··· Data extract ···
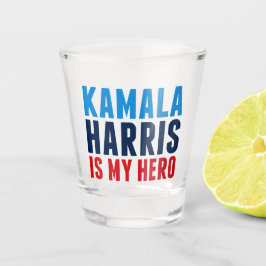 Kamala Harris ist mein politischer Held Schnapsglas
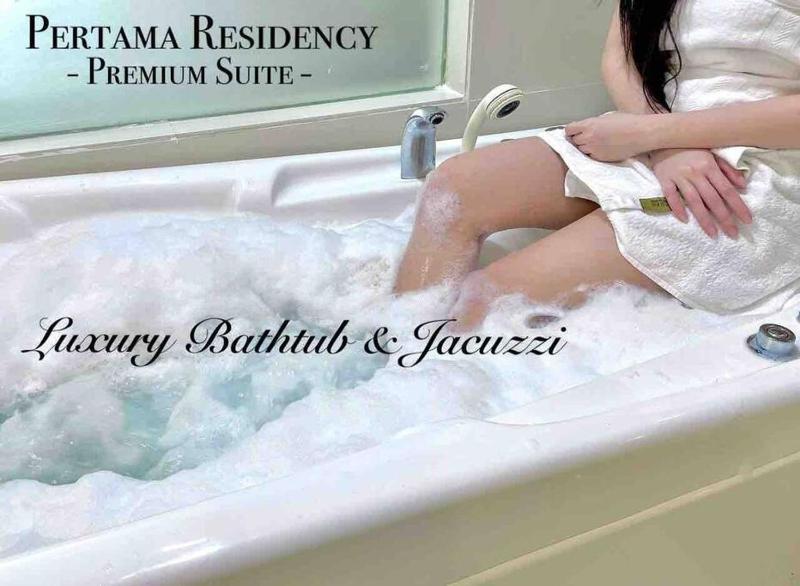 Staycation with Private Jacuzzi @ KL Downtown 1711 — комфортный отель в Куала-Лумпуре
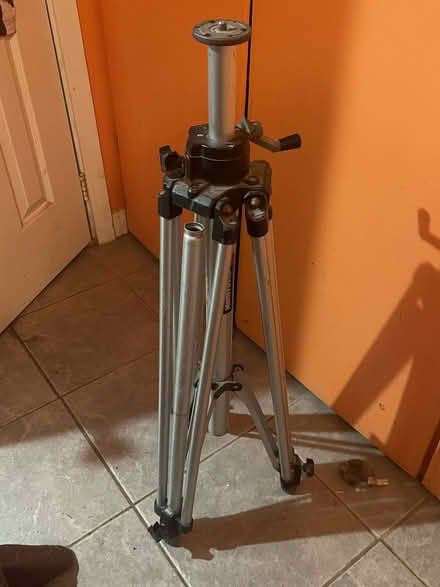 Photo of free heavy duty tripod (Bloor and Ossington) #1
···
__Task goal__:
A word-for-word repeat is expected of the lines from the one with "Staycation with Private" to the end of the data, both included; pictures are not part of it.

__Expected output__:
 Staycation with Private Jacuzzi @ KL Downtown 1711 — комфортный отель в Куала-Лумпуре
 Photo of free heavy duty tripod (Bloor and Ossington) #1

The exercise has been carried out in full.